L’organisation de défense des droits civiques "National Lawyers Guild Chicago" a également dénoncé, le 28 septembre, l’utilisation "d’armes chimiques et de projectiles incendiaires" contre "des personnes exerçant leurs droits garantis par le premier amendement". "Cette violence, c’était un usage indiscriminé, injustifié et illégal de la force", a déclaré Amanda Yarusso, avocate bénévole au sein de l’organisation, qui a indiqué qu’au moins 11 personnes avaient été arrêtées, dont une personne travaillant pour la presse.

Dans la soirée du 27 septembre, le département de la Sécurité intérieure a annoncé l’arrestation de "11 émeutiers violents". Il a aussi diffusé des photos de "deux armes à feu qui avaient été retirées aux émeutiers".

Selon des plaintes déposées, cinq manifestants de Broadview font l’objet de poursuites fédérales pour avoir agressé des agents fédéraux ou résisté à leur arrestation. L’un d’eux aurait menacé de tuer un agent.

"La réalité que j’ai connue est en train de changer"

Quelques jours après les événements, Melissa indique qu’elle tente toujours de comprendre ce qui s’est passé le 26 septembre.

"J’ai la trentaine bien avancée. J’ai grandi dans une Amérique plutôt stable. Donc, pendant et après ces événements, j’ai compris que la réalité que j’avais connue était en train de changer. La sécurité que j’ai connue, ce à quoi je peux m’attendre au quotidien, c’est en train de changer. Depuis, j’ai intégré le fait que c’est une nouvelle réalité pour notre communauté. (...)

Melissa explique qu’elle a rejoint la manifestation pour défendre les intérêts de sa communauté. (...)

"Il s’agit de savoir si nous voulons une démocratie ou banaliser le fascisme"

Bien que préoccupée par les événements récents, Litcy Kurisinkal indique avoir constaté une hausse du nombre de personnes mobilisées. (...)

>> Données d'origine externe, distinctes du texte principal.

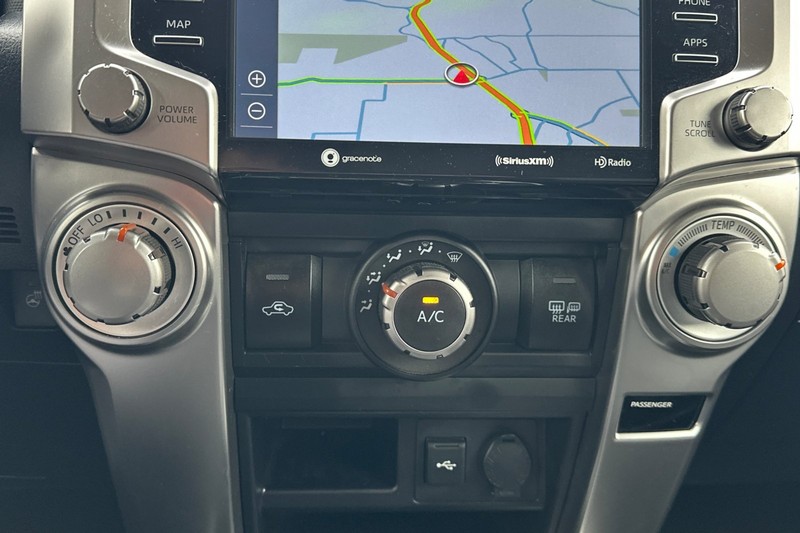 Toyota 4Runner Vehicle Full-screen Gallery Image 28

Je pense que nous avons considéré que la démocratie était un acquis, pendant des années. Le message, c’est qu’on ne peut pas juste profiter. Les libertés ne peuvent pas être considérées comme acquises. Nous devons gagner notre liberté. C’est un moment crucial pour nous, pour définir ce que l’on veut comme avenir, pour nous et les générations futures. Il s’agit de savoir si nous voulons une démocratie ou banaliser le fascisme."